L'obligation de travaux ne concerne pas les logements en copropriété pour lesquels, malgré les actions entreprises pour rénover les parties communes ou privatives, le niveau minimal de performance énergétique ne peut être atteint, ni les logements soumis à des contraintes architecturales ou patrimoniales incompatibles avec la réalisation de travaux visant la l'objectif minimal de rénovation énergétique. Le bailleur peut toutefois se voir imposer une baisse de loyer et le versement de dommages et intérêts au locataire.
À compter de janvier 2022, les propriétaires bailleurs de logements classés F et G seront visés par deux premières interdictions :
- augmenter le loyer à la relocation
- indexer le loyer en cours de bail.
Sans condition de zone géographique, lors d'un changement de locataire, le loyer d'un logement énergivore ne pourra être supérieur au loyer appliqué au locataire précédent. En cours de bail, le loyer est figé, le propriétaire ne pouvant s'appuyer sur la clause d'indexation contenu dans le contrat de bail.
Conséquences sur le crédit immobilier
La valeur verte des logements va gagner en importance au rythme de l'application des différentes mesures. On vient de voir les conséquences pour les propriétaires bailleurs qui ne respecteraient pas les échéances. Pour les futurs investisseurs, l'impact du nouveau DPE se révèle à deux niveaux :
- la négociation du prix du logement
- l'obtention du financement bancaire.
N'hésitez pas à faire réaliser un nouveau DPE à vos frais (entre 100€ et 250€), si le DPE fourni par le vendeur a été établi avant le 1er juillet 2021. Comme indiqué précédemment, le nouveau DPE va déclasser ou surclasser certains logements, ce qui va orienter votre décision. En cas de mauvais classement (F ou G), vous avez toute latitude pour négocier le prix du logement à la baisse, mais les travaux de rénovation énergétique vont rapidement s'imposer à vous pour être en mesure de louer votre bien. Ces travaux vont grandement limiter la rentabilité locative, ils pourront toutefois entraîner un déficit foncier, car ils viendront diminuer les revenus locatifs à titre de charges déductibles.

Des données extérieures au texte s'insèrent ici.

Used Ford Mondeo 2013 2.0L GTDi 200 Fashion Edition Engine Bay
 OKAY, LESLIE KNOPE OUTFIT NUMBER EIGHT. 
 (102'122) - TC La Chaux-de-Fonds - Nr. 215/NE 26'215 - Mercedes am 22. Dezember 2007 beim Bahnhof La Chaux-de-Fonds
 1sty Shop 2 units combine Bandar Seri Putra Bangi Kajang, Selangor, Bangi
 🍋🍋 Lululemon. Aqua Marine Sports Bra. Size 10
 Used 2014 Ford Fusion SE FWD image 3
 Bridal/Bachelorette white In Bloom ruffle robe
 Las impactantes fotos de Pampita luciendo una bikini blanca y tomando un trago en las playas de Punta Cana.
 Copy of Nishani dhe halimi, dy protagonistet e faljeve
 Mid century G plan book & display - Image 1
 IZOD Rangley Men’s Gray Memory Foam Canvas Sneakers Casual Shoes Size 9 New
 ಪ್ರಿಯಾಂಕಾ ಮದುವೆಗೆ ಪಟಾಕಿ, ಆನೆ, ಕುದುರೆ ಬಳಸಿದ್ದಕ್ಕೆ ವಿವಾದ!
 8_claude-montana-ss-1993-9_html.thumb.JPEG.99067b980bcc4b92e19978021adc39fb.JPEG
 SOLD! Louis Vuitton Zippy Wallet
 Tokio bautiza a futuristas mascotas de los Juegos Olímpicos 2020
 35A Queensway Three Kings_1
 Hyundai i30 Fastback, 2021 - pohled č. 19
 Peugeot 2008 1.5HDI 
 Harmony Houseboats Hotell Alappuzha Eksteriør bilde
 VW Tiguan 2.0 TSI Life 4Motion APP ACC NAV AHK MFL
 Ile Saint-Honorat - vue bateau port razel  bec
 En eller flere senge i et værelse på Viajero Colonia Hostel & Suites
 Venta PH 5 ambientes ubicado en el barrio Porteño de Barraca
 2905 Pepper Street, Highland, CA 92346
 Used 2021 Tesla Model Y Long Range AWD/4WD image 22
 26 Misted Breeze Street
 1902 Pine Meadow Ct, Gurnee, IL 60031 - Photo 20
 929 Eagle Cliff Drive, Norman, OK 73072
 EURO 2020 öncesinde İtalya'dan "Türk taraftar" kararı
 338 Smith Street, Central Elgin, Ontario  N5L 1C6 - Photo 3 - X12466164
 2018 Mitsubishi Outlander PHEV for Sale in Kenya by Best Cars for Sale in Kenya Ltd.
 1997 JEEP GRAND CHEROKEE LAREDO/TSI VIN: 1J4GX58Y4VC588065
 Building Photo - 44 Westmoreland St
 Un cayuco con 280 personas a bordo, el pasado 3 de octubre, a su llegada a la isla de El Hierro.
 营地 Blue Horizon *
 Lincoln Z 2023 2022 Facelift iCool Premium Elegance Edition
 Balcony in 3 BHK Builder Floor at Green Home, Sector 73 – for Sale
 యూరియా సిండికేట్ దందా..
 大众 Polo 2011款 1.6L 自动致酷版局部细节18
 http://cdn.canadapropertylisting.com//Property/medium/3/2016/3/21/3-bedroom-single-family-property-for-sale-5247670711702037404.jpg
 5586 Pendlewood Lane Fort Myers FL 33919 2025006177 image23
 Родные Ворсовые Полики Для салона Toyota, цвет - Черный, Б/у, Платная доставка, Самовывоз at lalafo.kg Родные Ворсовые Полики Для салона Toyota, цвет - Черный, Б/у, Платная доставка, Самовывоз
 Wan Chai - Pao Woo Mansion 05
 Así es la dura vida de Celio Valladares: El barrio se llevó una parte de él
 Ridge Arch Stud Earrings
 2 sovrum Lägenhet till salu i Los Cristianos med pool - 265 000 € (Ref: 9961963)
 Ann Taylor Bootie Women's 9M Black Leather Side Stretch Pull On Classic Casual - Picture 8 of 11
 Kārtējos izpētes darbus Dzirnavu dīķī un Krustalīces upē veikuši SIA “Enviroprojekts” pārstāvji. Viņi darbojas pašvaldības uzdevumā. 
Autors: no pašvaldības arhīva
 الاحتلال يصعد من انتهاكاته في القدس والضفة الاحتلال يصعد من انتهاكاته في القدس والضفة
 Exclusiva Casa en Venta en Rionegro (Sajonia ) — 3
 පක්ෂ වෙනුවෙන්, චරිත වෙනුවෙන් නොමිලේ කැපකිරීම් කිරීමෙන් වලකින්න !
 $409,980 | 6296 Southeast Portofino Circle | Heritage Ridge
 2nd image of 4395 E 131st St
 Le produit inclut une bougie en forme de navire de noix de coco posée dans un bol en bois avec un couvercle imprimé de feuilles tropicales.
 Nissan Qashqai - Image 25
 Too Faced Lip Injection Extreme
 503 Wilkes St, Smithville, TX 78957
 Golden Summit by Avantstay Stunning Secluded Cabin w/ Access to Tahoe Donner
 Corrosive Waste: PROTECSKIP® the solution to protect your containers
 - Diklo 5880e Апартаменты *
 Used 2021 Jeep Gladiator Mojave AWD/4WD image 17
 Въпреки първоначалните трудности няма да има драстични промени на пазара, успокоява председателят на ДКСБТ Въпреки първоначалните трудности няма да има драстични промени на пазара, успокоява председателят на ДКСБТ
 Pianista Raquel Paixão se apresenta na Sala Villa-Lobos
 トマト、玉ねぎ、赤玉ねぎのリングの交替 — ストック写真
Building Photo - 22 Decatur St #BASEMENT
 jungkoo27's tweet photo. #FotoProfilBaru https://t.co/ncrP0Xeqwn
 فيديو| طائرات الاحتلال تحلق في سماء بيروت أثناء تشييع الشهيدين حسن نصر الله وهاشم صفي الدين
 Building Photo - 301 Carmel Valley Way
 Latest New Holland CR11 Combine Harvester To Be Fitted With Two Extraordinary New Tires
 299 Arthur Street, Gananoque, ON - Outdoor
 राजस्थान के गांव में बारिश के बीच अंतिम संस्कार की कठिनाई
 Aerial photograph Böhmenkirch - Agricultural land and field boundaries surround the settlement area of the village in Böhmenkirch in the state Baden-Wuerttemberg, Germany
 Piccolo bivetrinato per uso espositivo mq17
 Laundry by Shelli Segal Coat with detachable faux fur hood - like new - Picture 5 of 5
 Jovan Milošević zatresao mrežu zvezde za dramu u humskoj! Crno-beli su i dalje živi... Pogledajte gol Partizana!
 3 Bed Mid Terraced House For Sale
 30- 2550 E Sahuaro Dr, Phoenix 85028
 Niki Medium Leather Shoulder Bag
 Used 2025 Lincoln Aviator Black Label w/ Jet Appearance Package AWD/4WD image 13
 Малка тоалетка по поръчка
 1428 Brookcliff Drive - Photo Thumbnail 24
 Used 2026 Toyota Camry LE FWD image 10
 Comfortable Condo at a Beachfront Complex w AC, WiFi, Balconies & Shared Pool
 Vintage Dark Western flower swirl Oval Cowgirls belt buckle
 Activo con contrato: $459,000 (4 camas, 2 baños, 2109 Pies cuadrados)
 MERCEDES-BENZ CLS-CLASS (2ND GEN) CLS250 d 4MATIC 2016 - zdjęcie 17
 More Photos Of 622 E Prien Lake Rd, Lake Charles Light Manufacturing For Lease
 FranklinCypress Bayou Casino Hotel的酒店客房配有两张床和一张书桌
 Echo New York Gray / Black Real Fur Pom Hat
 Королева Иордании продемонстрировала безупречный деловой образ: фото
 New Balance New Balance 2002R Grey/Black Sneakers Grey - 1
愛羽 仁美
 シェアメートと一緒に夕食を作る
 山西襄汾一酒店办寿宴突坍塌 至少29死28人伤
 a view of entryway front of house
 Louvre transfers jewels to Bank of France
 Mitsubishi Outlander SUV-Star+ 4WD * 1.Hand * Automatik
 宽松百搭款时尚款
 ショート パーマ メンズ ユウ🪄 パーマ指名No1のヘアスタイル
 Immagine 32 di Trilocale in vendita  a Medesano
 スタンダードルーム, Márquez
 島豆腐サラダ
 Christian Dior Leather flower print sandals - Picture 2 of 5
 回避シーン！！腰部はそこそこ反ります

Le DPE affiché par le logement va également déterminer les conditions du crédit qui permet de financer votre investissement locatif. Les banques vont regarder avec la plus grande attention les DPE. La Fnaim (Fédération nationale de l'immobilier) a récemment alerté sur les tous premiers refus de prêts immobiliers à des investisseurs locatifs causés par le DPE. Si la banque n'a pas l'assurance que des travaux sont programmés, elle va recaler le projet car le revenu locatif ne sera pas au rendez-vous. Le DPE va devenir rapidement un critère d'analyse supplémentaire des demandes de financement dans le cadre d'un projet locatif en plus du taux d’endettement et de l’apport personnel.
Les aides à la rénovation énergétique
Les travaux de rénovation sont coûteux, mais tous les propriétaires, qu'ils soient occupants ou bailleurs, peuvent bénéficier d'aides publiques qui leur permettent de financer en partie la dépense engagée. Le premier de ces coups de pouce est MaPrimRénov', le dispositif phare mis en avant par le gouvernement.
MaPrimRénov' est accessible aux bailleurs depuis le 1er juillet 2021, sous 5 conditions :
- Le logement doit avoir au moins 2 ans.
- Le locataire doit être installé dans les 6 mois qui suivent la réception de la prime.
- Le bail de location doit durer au moins 5 ans.
- Le locataire doit être informé des travaux réalisés grâce à la prime.
- La réévaluation du loyer suite à l'investissement doit être basée sur le montant des rénovations après déduction de la prime, et le locataire en être informé.
Pour qu'une rénovation puisse être considérée comme performante, les logements doivent obtenir la note A ou B du DPE, avec des dérogations pour les biens en raison de contraintes techniques, architecturales ou patrimoniales qui pourront être reconnus performants à partir de la lettre C. Pour atteindre la norme BBC qui fait référence, 6 postes de travaux de rénovation énergétique devront être traités : isolation des murs, isolation des planchers bas, isolation de la toiture, remplacement des boiseries extérieures, ventilation, ainsi que production d'eau chaude sanitaire et de chauffage. Pour qu'elle soit qualifiée de rénovation globale, les travaux devront être réalisés dans un délai de 18 mois.